The rhythm of drums coming from the corner filled the room, along with a quiet sense of optimism. At home, on the nightstand, my book awaited:
“Like all mentally sound boys of my time, I went to grammar school, then to university, where I graduated from law.”
One morning, while I sat on a park bench, an old schoolmate approached. We hadn’t seen each other in years. “You know I lost my house?” he said immediately. “A fast-track bailiff decision. Sold it over an unpaid electricity bill—seventy-four thousand dinars.”
He paused, then added, “You know, Serbia must be the only country in the world where you can’t be sure you’ll live if you fall ill, work if you’re honest, or reach retirement if you’re diligent. But one thing is certain—you will pay your bill!”
When I got home, I opened my book where I had stopped the night before. I read aloud, as if trying to understand a world where someone loses a home over a bill, while others still strive to ‘wisely increase their wealth’:
“My wife and I had saved money from her inheritance and my convictions about redemption and decided to buy an estate. I was unusually interested in increasing our property—as one should be—and particularly in doing so wisely, better than others…”
Days passed. Instead of walking the same paths, I spent most afternoons at a café in front of my old high school. That’s where I meet friends from youth. Someone always drops by—a history teacher counting days to retirement, a classmate who says nothing has changed except that we now wear glasses and talk softer. In that mix of planned meetings and accidental encounters, there’s a kind of comfort. In a world teetering on the edge of a nervous breakdown, my little routines still feel like proof that sanity hasn’t completely vanished.
And then inevitably, it’s time to return to America. I pack my habits and rituals along with my belongings, carefully placing them between souvenirs and the books from Laguna that, as always, wait their turn to be opened on the other side of the ocean.
On the plane—an unexpected scene. A few rows ahead sits a group of Belgrade high-school seniors. Twenty or so boys and girls, bright-faced, polite, well-mannered. At first, I thought they were athletes—but no, they were invited to visit the United Nations. Some are flying for the first time, some leaving Serbia for the first time, but all speak of the trip with a seriousness and respect rarely seen today. One girl said she wanted to become a diplomat “to represent Serbia the right way.”

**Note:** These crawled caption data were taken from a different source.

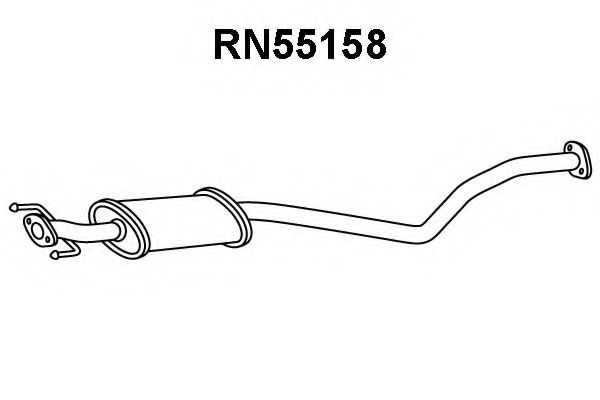Предглушитель выхлопных газов VENEPORTE RN55158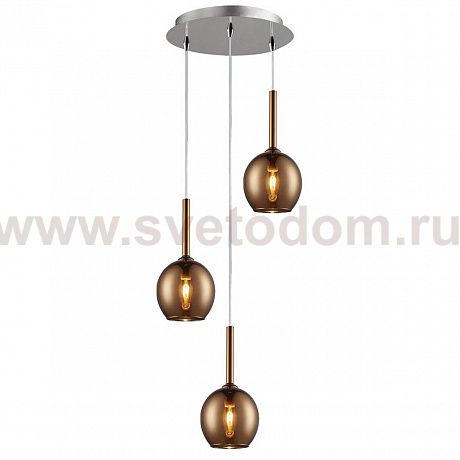 Светильник подвесной Zumaline MONIC MD1629-3B(copper)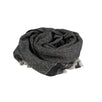 Dior Chevrons Wool Blend Scarf - Gray / Black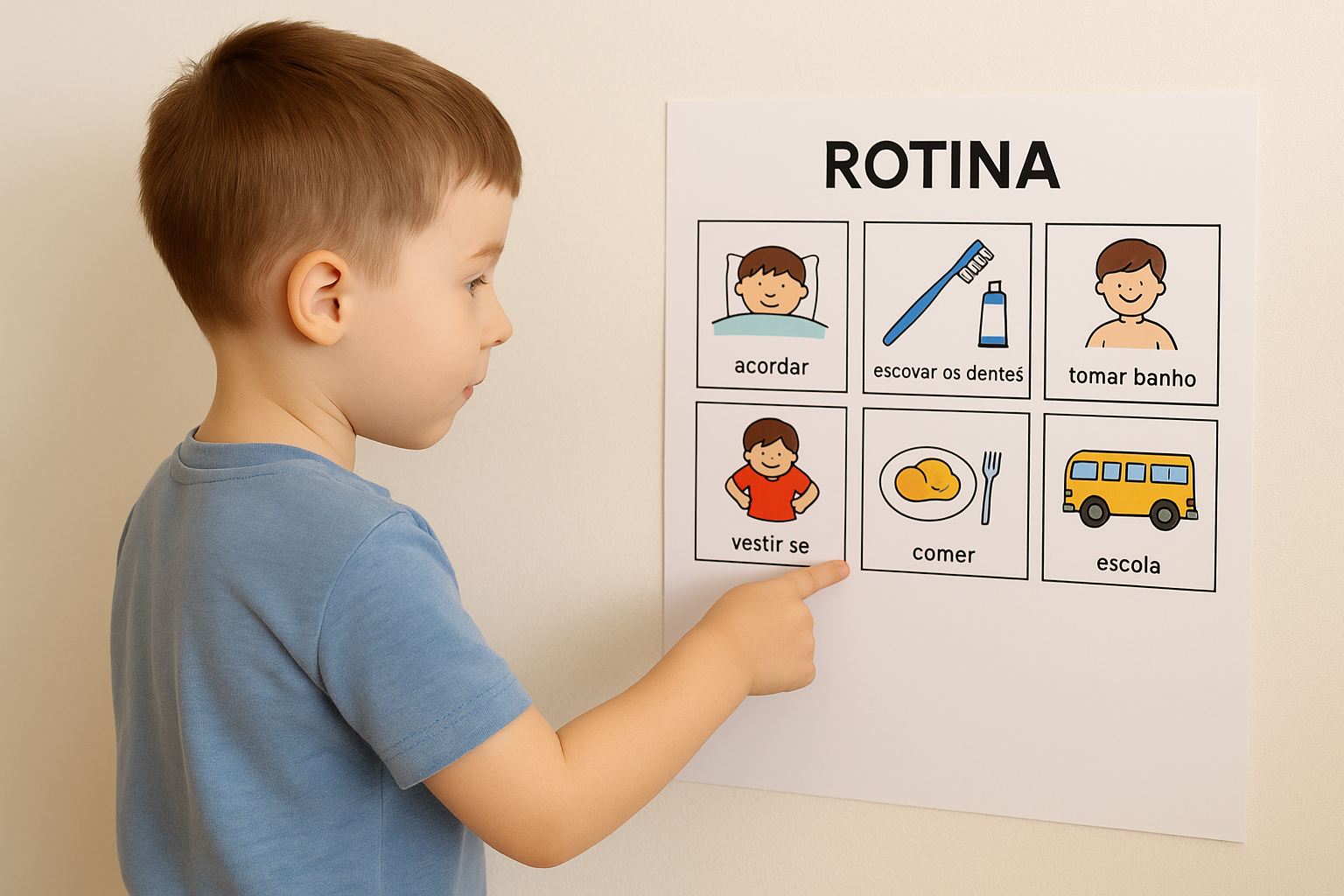 Rotina para Crianças - Autismo, TDAH +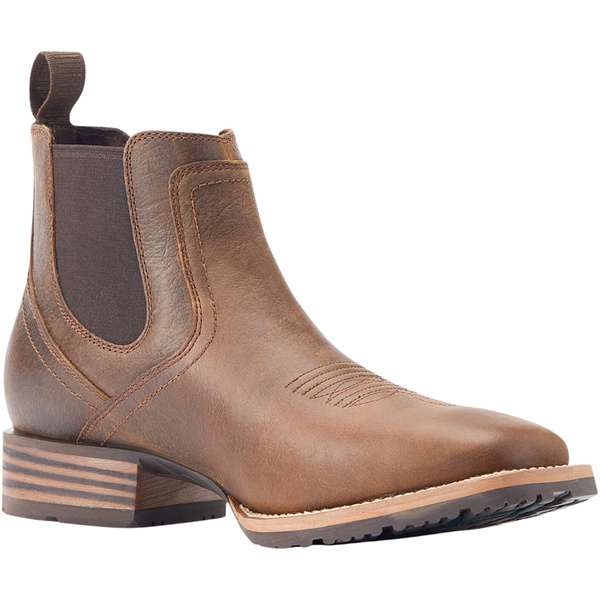 2025 Ariat Mens Hybrid Low Boy Wide Square Toe Chelsea Boot 10044555 - Old Earth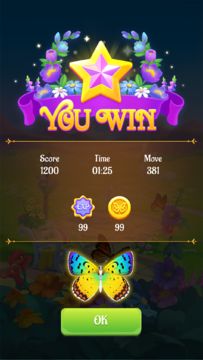 Solitaire Butterfly Game Screenshot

Watching them, I realized that this generation carries within it something we older ones may have long lost: the belief that the world is not only a place to survive, but a place to improve. And right there, between clouds and the ocean, I asked myself: does Serbia deserve such a generation—decent, curious, ready to listen and understand even those they disagree with? And, perhaps even more—do the United Nations deserve such visitors, young people who still believe that once-prestigious institution can be something more than a stage for endless speeches and diplomatic clichés?
I arrive home, where the woman of my life awaits—with a new layout. She’s moved the plates in the kitchen, rearranged the wardrobes in the bedroom, and the shelves in the bathroom. It will take me at least a week to find my way again—maybe a month. Because old habits, after all, are not easily abandoned.